On the Importance of Telling and Hearing Our Very Own Stories

The guiding questions for our oral history unit

Soon — very soon — my students will be authors of a book. A real, published, four-cornered, many-paged book with a cover, a table of contents, and yes, even a signing party. The brilliant people at Chapter 510 and the Department of Make Believe, a chapter of the national 826 Valencia writing mentorship program, have worked with some of my students on revising, digging deeper into, and polishing the oral histories they wrote this fall. This autumn, all of our 10th graders focused on how we can learn about the world from our families, and how our families can teach us about the world. They chose a family member to interview about their experience migrating to Oakland, or living in Oakland, or living wherever they lived before Oakland.

Students read one of these books before we started collecting their family’s oral histories. What an astouding literary time to be a teacher.

The results are beautiful, which is why, when the brilliant people at Chapter 510 asked my partner teacher and me to write an introduction and preface to the collection, I balked, I hemmed, I hawed, and I did some of the most skillful procrastination of my adult life.


I am publishing this introduction here, because I think I said something here that I actually mean: that our stories are important, and at this moment in time — this terrifying moment in our history — our stories just might sustain us while we plot, plan, and act on changing this terror into something more humane.

Whenever we are on a long car ride, my two sons will often ask me, “Mom, tell me a story!”  When I ask about what, they will always say, “From your childhood!” Usually, I am flummoxed. I freeze. In my mind, my childhood was mundane and dull, unworthy of sharing, filled with a near-constant runny nose, tummy aches and an overwhelming shyness and a general family security that kept me from collecting the stories that I think the boys want to hear. There was nothing noteworthy about my childhood, I tell them. Nothing exciting! Let’s read a book aloud! But the boys, they insist.

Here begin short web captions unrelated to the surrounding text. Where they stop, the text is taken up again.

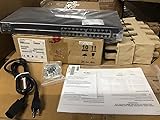 HPE JL259A Aruba 2930F 24G 4SFP Switch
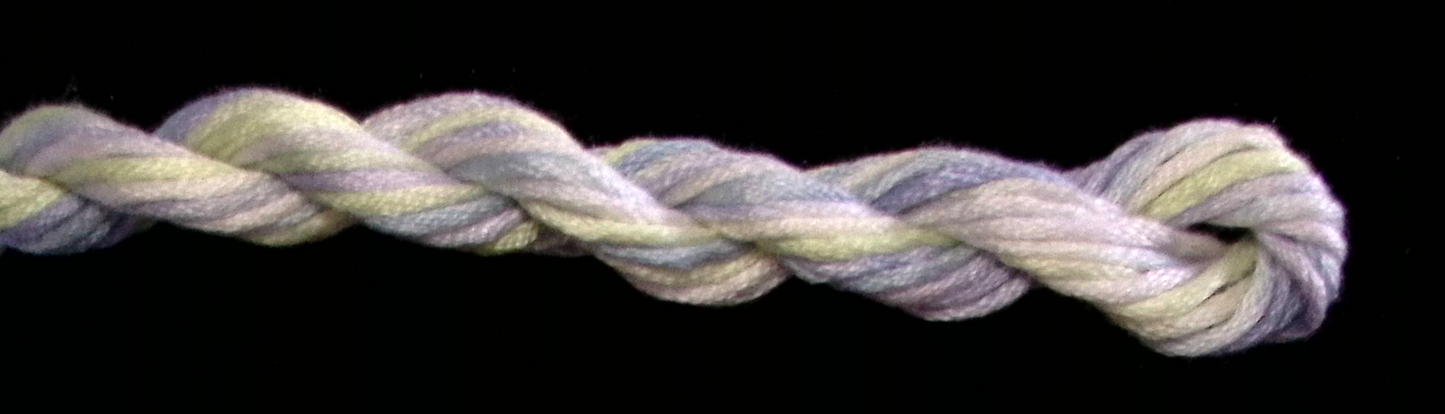 Waterfall Waterlilies Thread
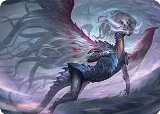 Shiko, Paragon of the Way Art Card (37/54) (37) — card price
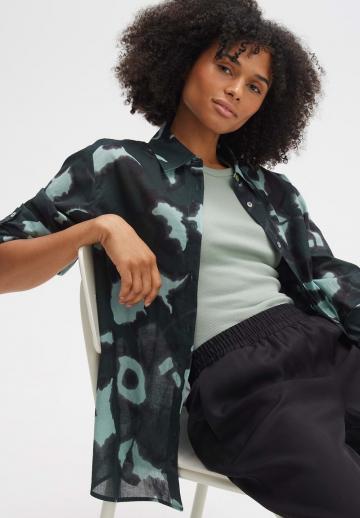 Блузка-рубашка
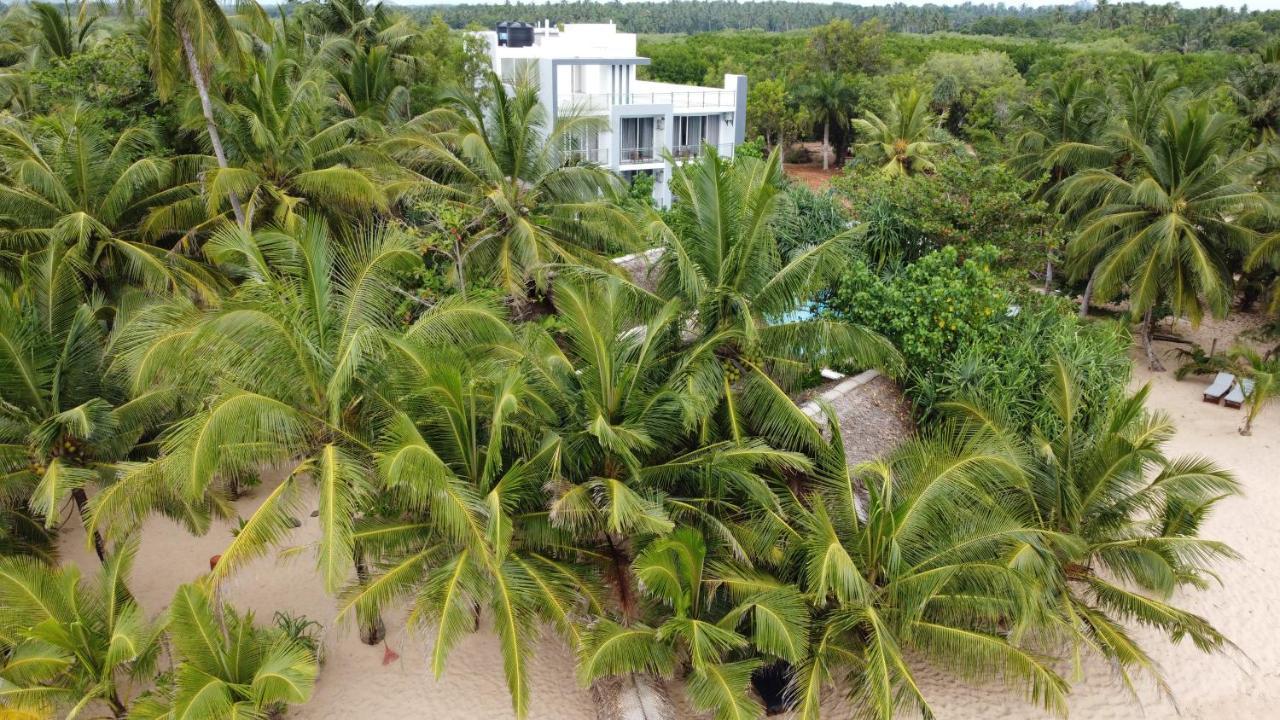 Marakolliya Beach Resort 坦加拉 外观 照片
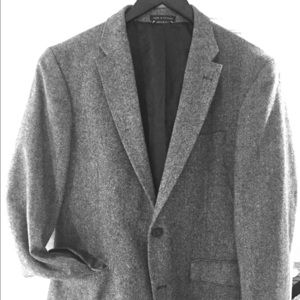 Black & Grey Blazer 42R SLIM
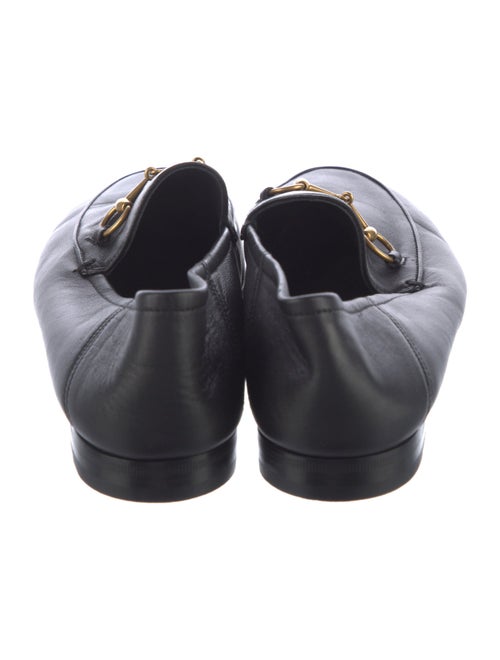 Gucci Leather Loafers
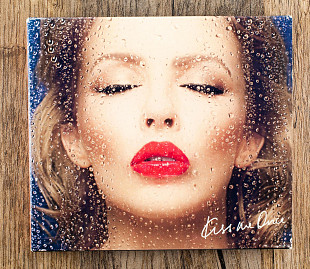 Kylie Minogue - Kiss Me Once (Японія)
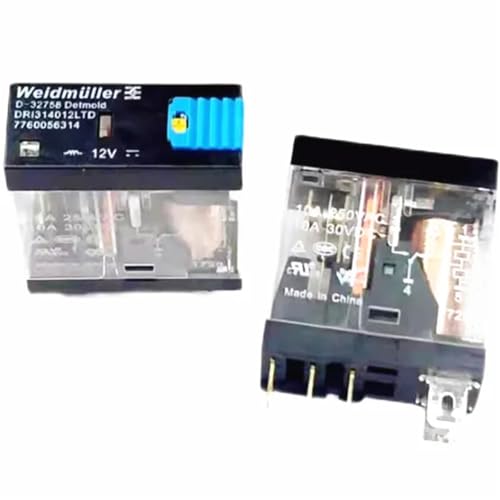 DRI314012LTD 12V 12DCV DCV12 5PIN Relais(10PCS) von FWEUHMWP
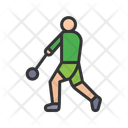 پیش‌نمایش فایل hammer-throw-11052079 از پک المپیک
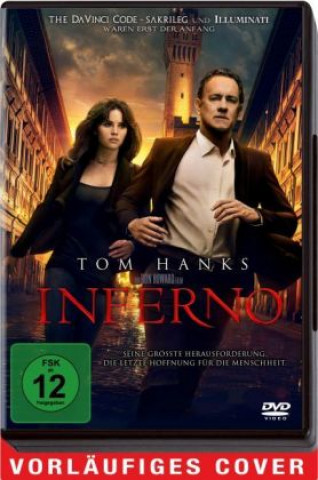 Videoclip Inferno, 1 DVD Ron Howard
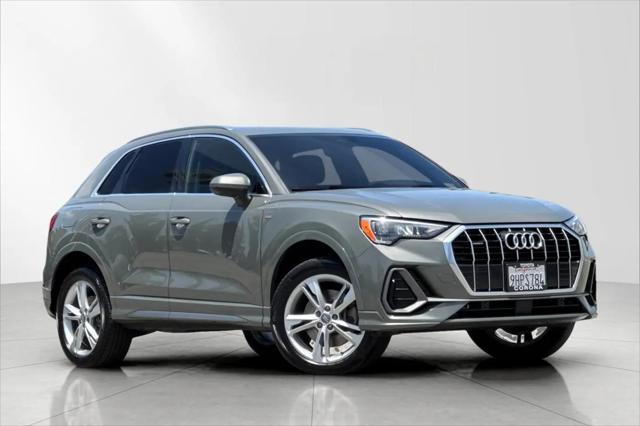 2020 Audi Q3 Premium 45 TFSI S line quattro Tiptronic for sale in Corona, CA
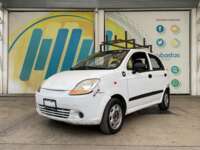 Chevrolet Matiz 2015 5p LS L4/1.0 Man 2015 Chevrolet Matiz Venta Exteriores 1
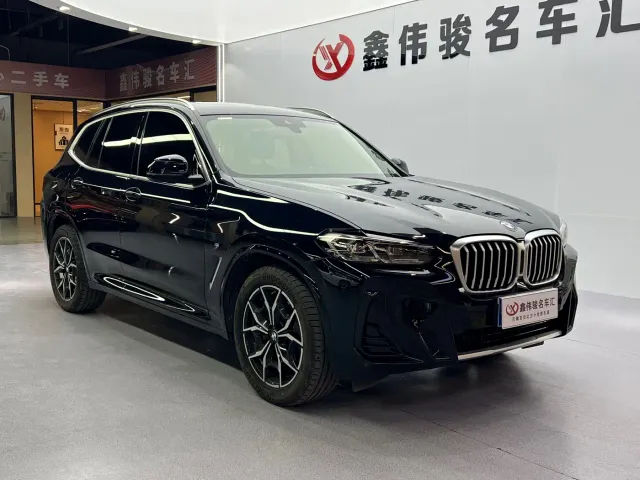 BMW X3 — Фото автомобиля 4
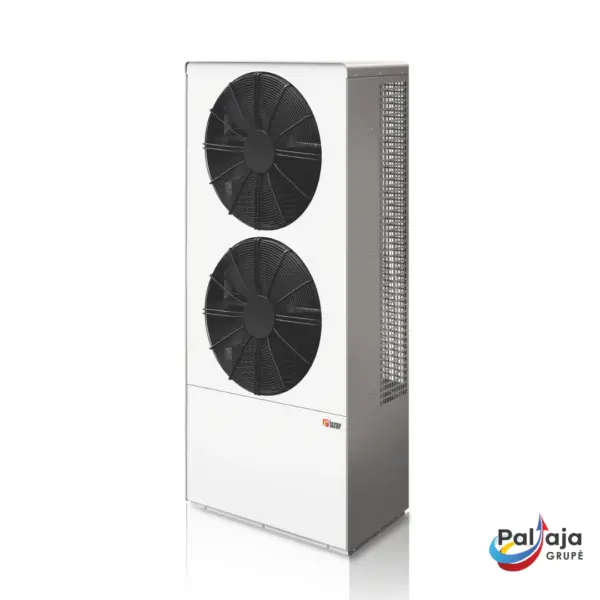 Šilumos siurbliai Lazar HTi 20 Smart 2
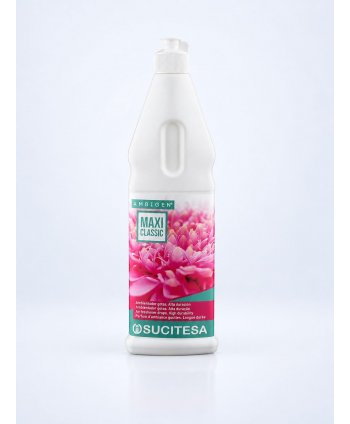 Ambigen Maxi Classic 500 ml Soluția Profesionala in spațiile unde prospețimea și igiena nu suportă compromisuri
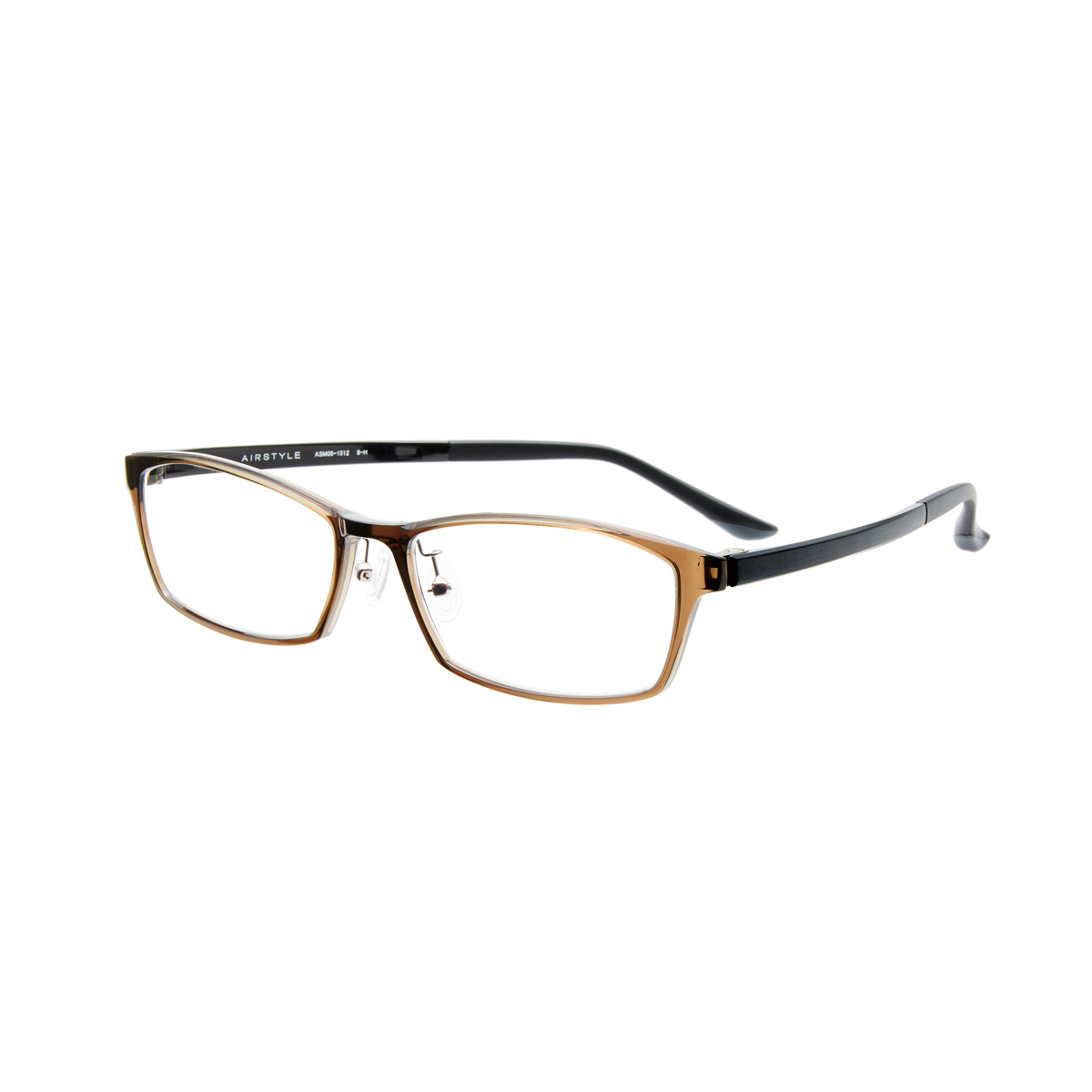 AIR STYLE MEN’S ASM05-1512 10KHB 55 画像2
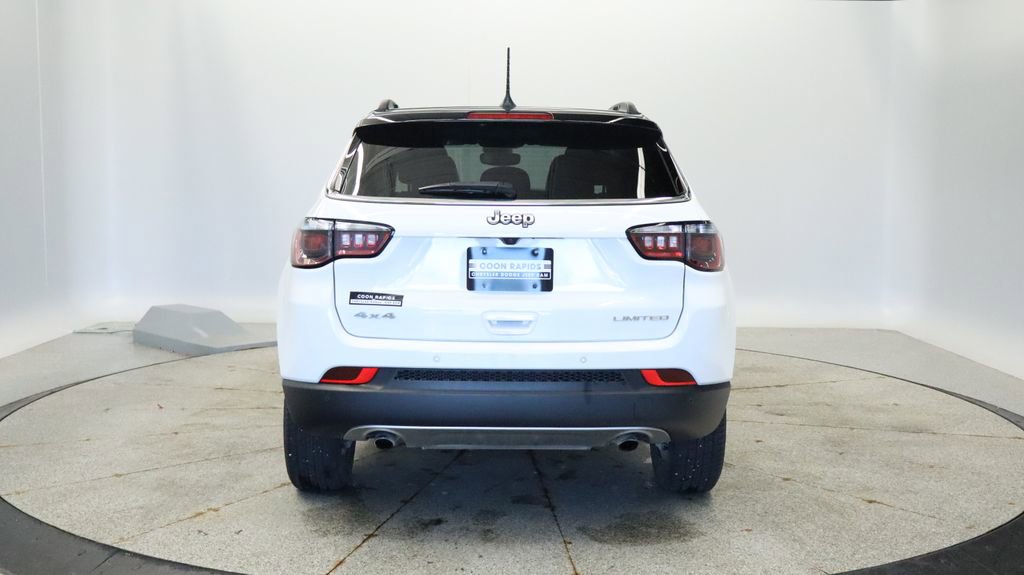 Thumbnail: 2023 Jeep Compass - 4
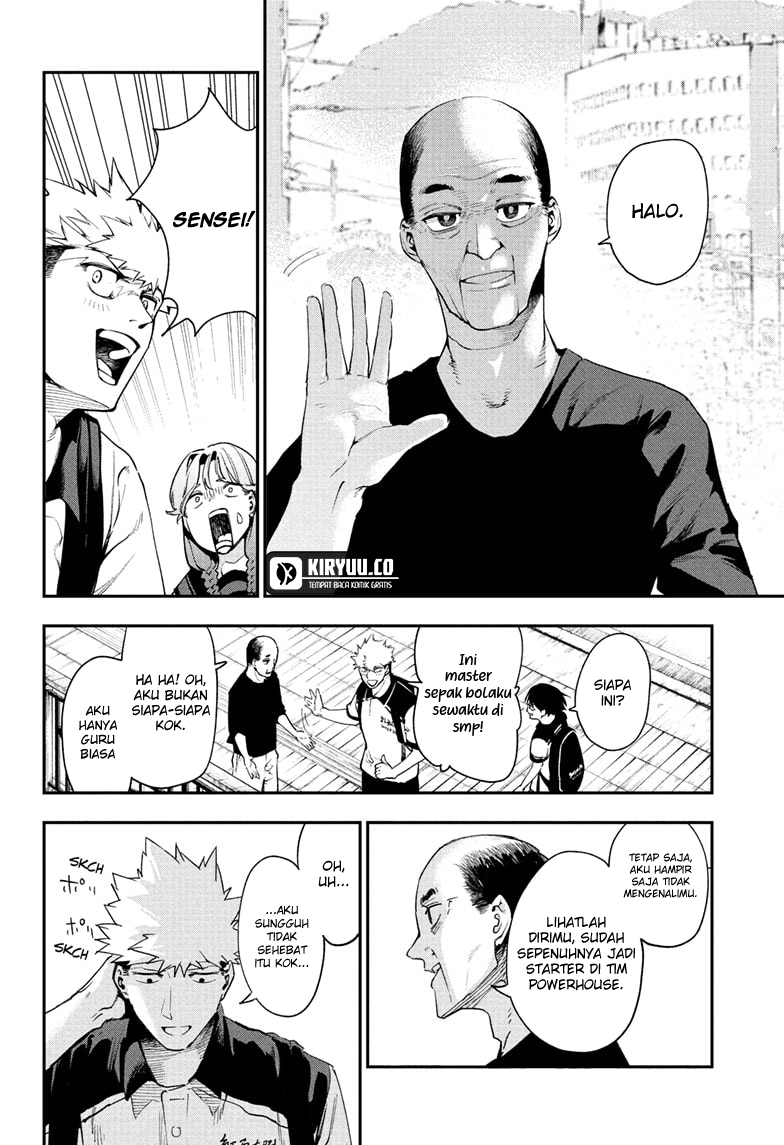 Embers Chapter 12 - halaman 8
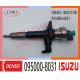 For ISUZU Diesel Common Rail Fuel Injector 8-98074909-2 095000-8031 095000-8030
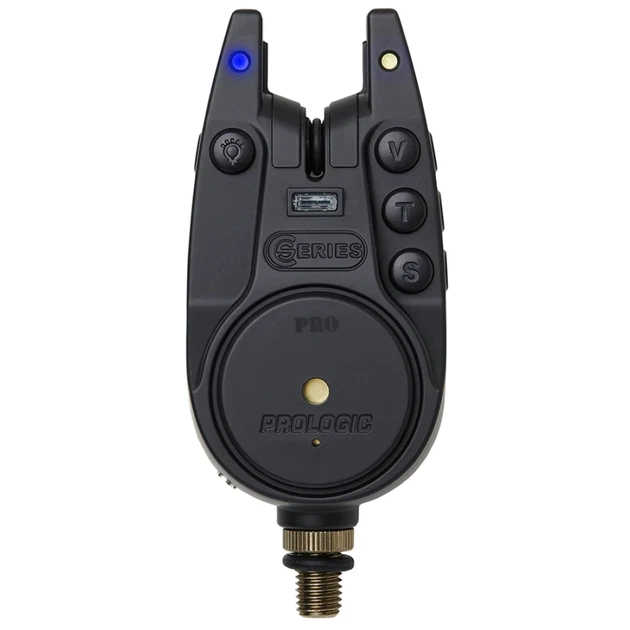 Набор сигнализаторов Prologic C-Series Pro Alarm Set 2+1+1 Red Green - изображение 2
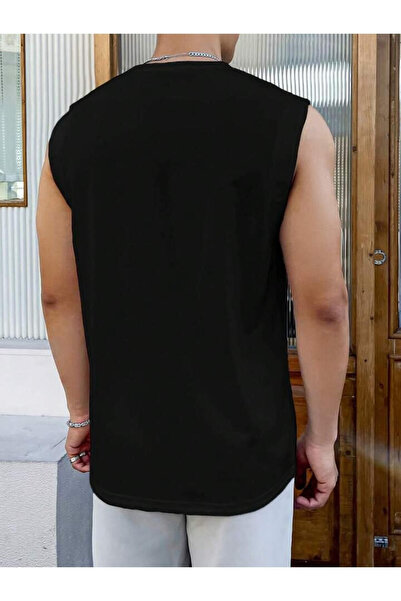 EFFRENATU Sleeveless T-Shirt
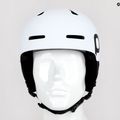 Kask narciarski POC Auric Cut BC MIPS hydrogen white matt 13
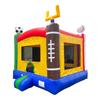 HeroKiddo 14'x13' Commercial Bounce House with Blower & Basketball Hoop; Durable 16' Tall Vinyl Inflatable Jumper for Kids and Adult, Rental Quality, Indoor & Outdoor view 1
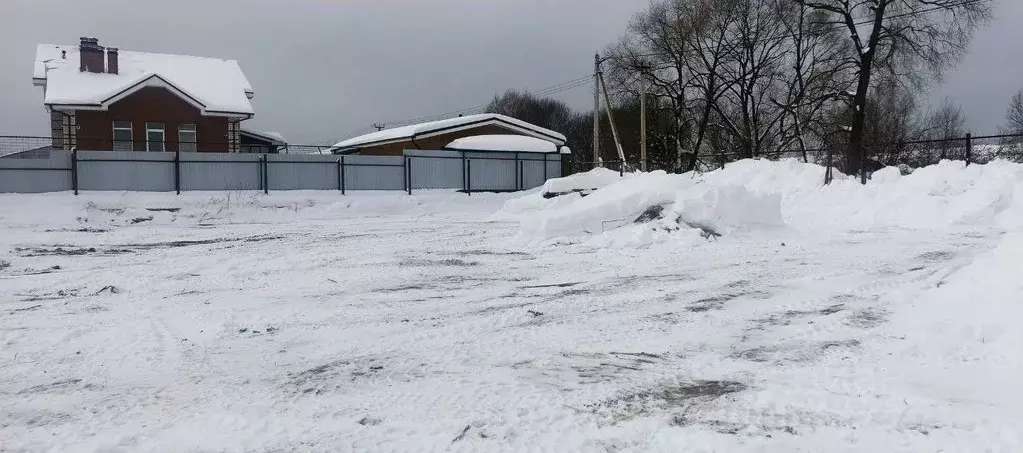 Участок в Москва д. Троицкое, ул. Луговая, 3 (12.0 сот.) - Фото 1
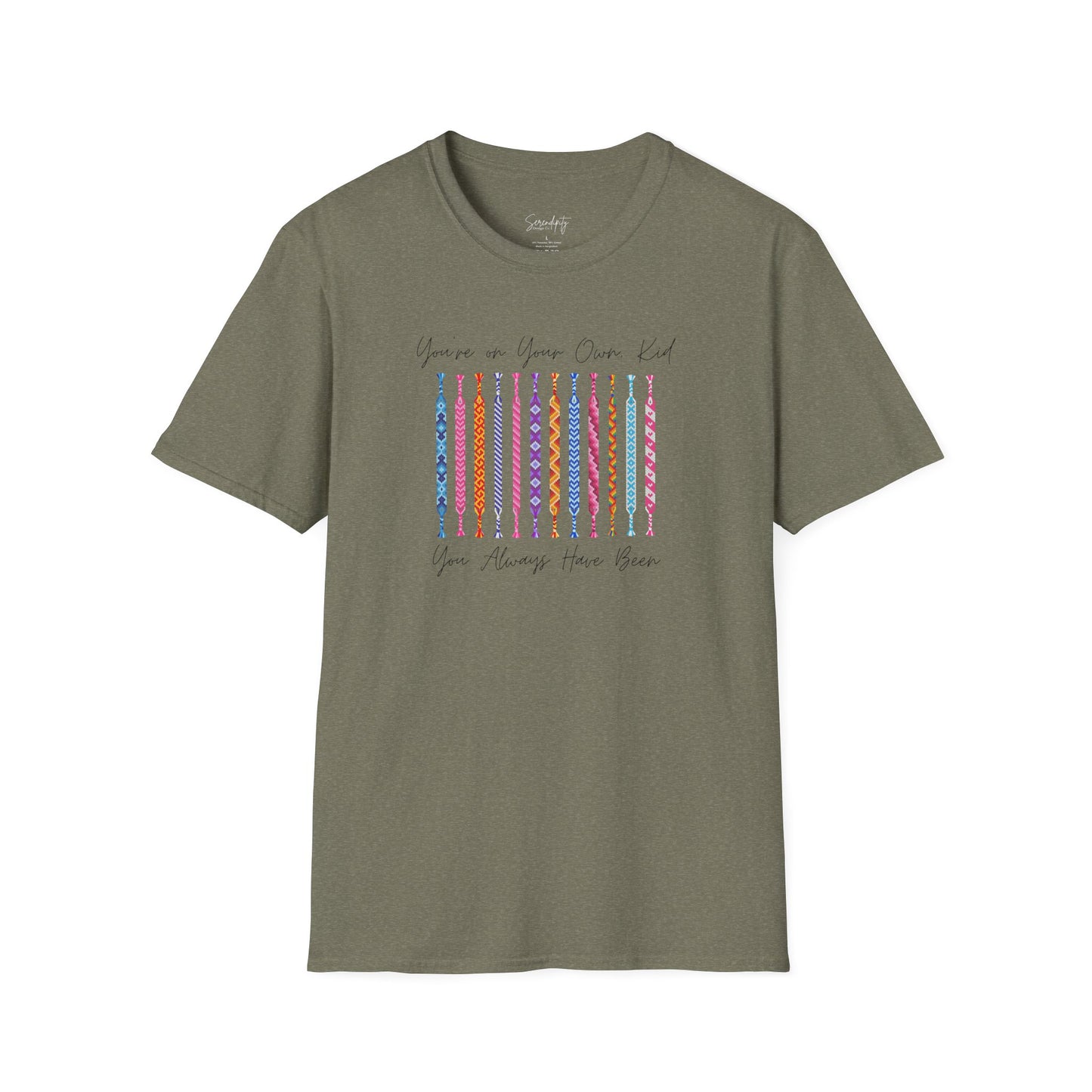 Friendship Bracelets Soft Style Tee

So I search the dustiness of my brain and try to find some stories more interesting than paint drying: the time I told the babysitter that a frozen rag was beef jerky. The time my hippy aunt took me to my grandparents’ basement and taught me, complete with drawings and charts on the blackboard we would play school on, about how eating meat was completely unethical. How my mom, a high school theatre teacher, would pick us up from school and take my sister and me to play rehearsals, where we would sit in the front row, learn all the lines, and then go play in the prop room with the swords and old-timey phones. The panic and lasting shame I felt when I blanked during a 7th grade poetry contest. The time my sister purposely gave me chicken pox because I was being a big jerk. Boring stuff, I tell the boys. “Tell another one!” they insist. Again, I am flummoxed, certain I’ve bored them enough. Can we maybe turn on the radio, or play “I Spy?” I plead.  The boys, they are transfixed. They insist. Telling my children the stories of my life is not easy; it pries me open in ways that makes me uncomfortable, and I think, to my dismay, that this discomfort is somehow important. Being human is hard, I think, and the boys are looking for different paths and bridges and stumbles that I took to navigate this journey. So I dig further.

When we introduced the oral history project to our students, some were excited, but most were skeptical. “I know everything about my mom’s history,” some said. More said, “I don’t know anything about my family’s history. I’m not sure there’s anything there.” In the process of researching and writing our oral histories, both the I-Know-Everything’s and the There’s-Nothing-There’s were happily, and sometimes shockingly, proven wrong. They learned about how history affects real people. They learned about wars in Central America, Southeast Asia and the Middle East that led people to flee homelands, poverty of the kind our students happily have not experienced, migration that took both emotional and physical tolls. They also learned about their elders’ emotional landscapes, about how a life requires that you contain both great joy and tremendous sorrow, and despite the worlds you hold within you, the dishes have to be done, the kids need to get to school, and work, it must be done.

As parents, we often think our stories are not exceptional, or not important, and very often, simply not worth telling. This is untrue. We need to tell our stories, and we need our children to hear our stories. These stories belong in car rides, at the dinner table, on walks to the laundromat, and most definitely, they belong in school.  At this present, terrible, historical moment, our students’ stories are far more often vilified than lionized, and this may give rise to silence, and not the amplification of the stories of migrants, of refugees, of the disenfranchised. Read these stories, though, and try to find a villain; you won’t find a one. You will find a dozen heroes and sheroes, whose stories belong front and center in our history classes, in our policy-making, and in our children’s and student’s consciousness, as they do the real work of creating and understanding what it is to be human.